Table 8 offers a concise overview of various research papers that utilize Graph Neural Networks (GNNs) in diverse domains, showcasing the applications and contributions of GNNs in each study.

Table 8 Different application areas with their proposed methodology of Graph Neural Networks

Table 9 highlights various applications of GNNs in Natural Language Processing, Computer Vision, and Bioinformatics domains, showcasing how GNN models are adapted and used for specific tasks within each field.
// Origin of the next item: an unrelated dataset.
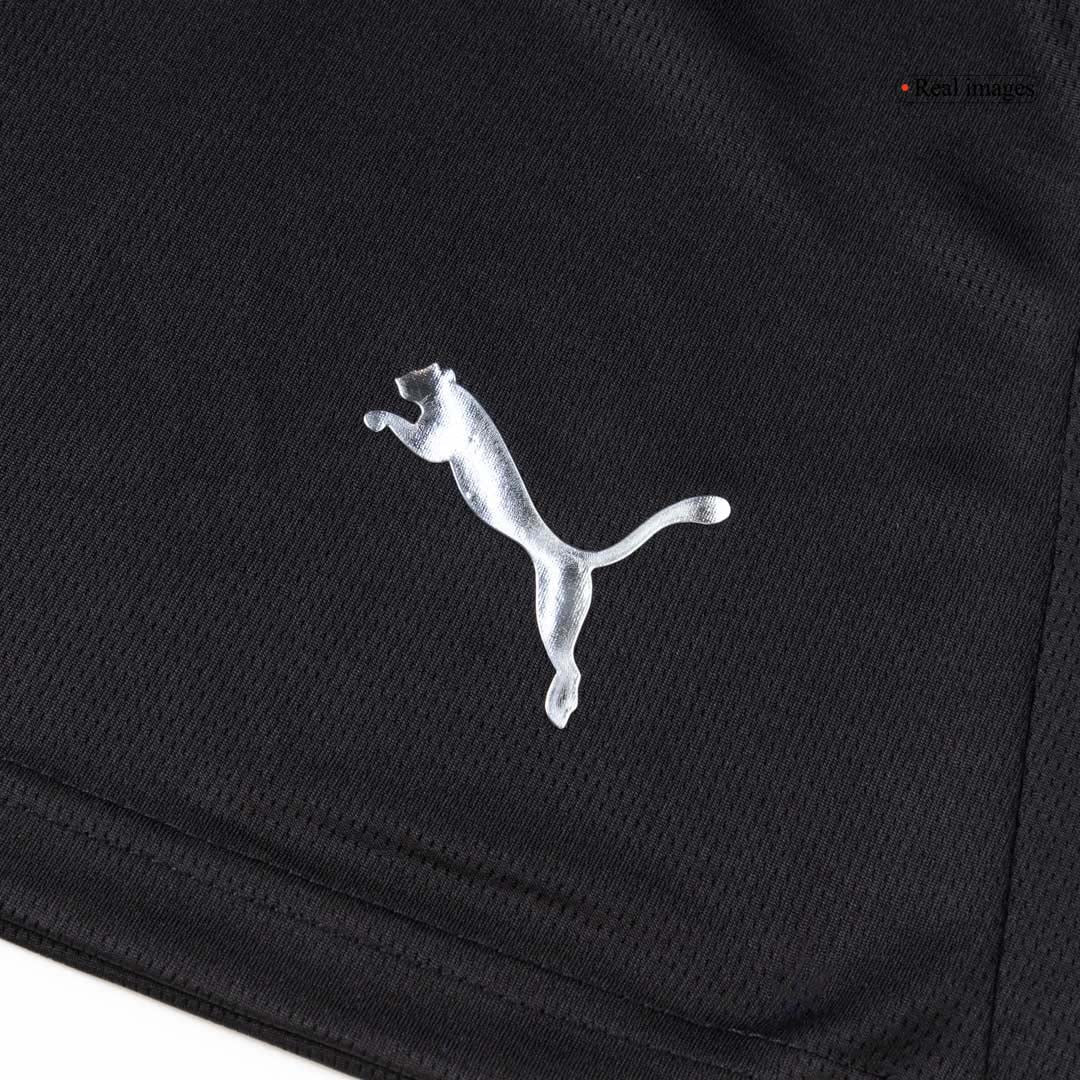 Mens Manchester City Away Shorts 2025/26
Table 9 Different Domains with their Tasks in Graph Neural Networks

Future directions of graph neural network

The contribution of the existing literature to GNN principles, models, datasets, applications, etc., was the main emphasis of this survey. In this section, several potential future study directions are suggested. Significant challenges have been noted, including unbalanced datasets, the effectiveness of current methods, text classification, etc. We have also looked at the remedies to address these problems. We have suggested future and advanced directions to address these difficulties regarding domain adaptation, data augmentation, and improved classification. Table 10 displays future directions.

  1. 1)

    Imbalanced Datasets—Limited labeled data, domain-dependent data, and imbalanced data are currently issues with available datasets. Transfer learning and domain adaptation are solutions to these issues.

  2. 2)

    Accuracy of Existing Systems/Models—can utilize deep learning models such as GCN, GAT, and GraphSAGE approaches to increase the efficiency and precision of current systems. Additionally, training models on sizable, domain-specific datasets can enhance performance.

  3. 3)

    Enhancing Text Classification: Text classification poses another significant challenge, which is effectively addressed by leveraging advanced deep learning methodologies like graph neural networks, contributing to the improvement of text classification accuracy and performance.
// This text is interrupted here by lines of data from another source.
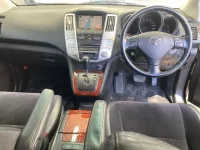 Toyota HARRIER лот № 3093 оценка 3.5  с аукциона в Японии 3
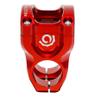 Industry Nine A318 Bike Stem - Red 31.8mm Mountain Bike Stem with 50mm Length - Made in USA view 2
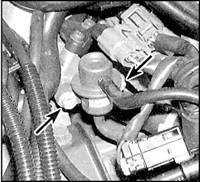  Регулятор давления топлива Mazda 626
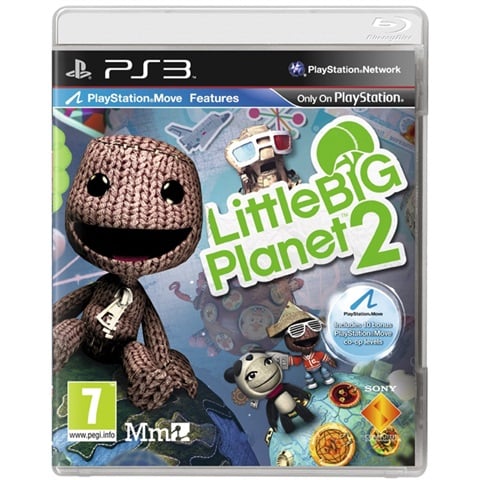 LITTLE BIG PLANET 2 PS3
Table 10 A list of research gaps and future research directions

The above Table 10 describes the research gaps and future directions presented in the above literature. These research gaps and future directions highlight the challenges and proposed solutions in the field of text classification and structural analysis.

Table 11 provides an overview of different research papers, their publication years, the applications they address, the graph structures they use, the graph types, the graph tasks, and the specific Graph Neural Network (GNN) models utilized in each study.

Table 11 Summary of Graph Neural Networks with application area, graph structure, type, task, and model used

Conclusions

Graph Neural Networks (GNNs) have witnessed rapid advancements in addressing the unique challenges presented by data structured as graphs, a domain where conventional deep learning techniques, originally designed for images and text, often struggle to provide meaningful insights. GNNs offer a powerful and intuitive approach that finds broad utility in applications relying on graph structures. This comprehensive survey on GNNs offers an in-depth analysis covering critical aspects such as GNN fundamentals, the interplay with convolutional neural networks, GNN message-passing mechanisms, diverse GNN models, practical use cases, and a forward-looking perspective. Our central focus is on elucidating the foundational characteristics of GNNs, a field teeming with contemporary applications that continually enhance our comprehension and utilization of this technology.

The continuous evolution of GNN-based research has underscored the growing need to address issues related to graph analysis, which we aptly refer to as the frontiers of GNNs. In our exploration, we delve into several crucial recent research domains within the realm of GNNs, encompassing areas like link prediction, graph generation, and graph categorization, among others.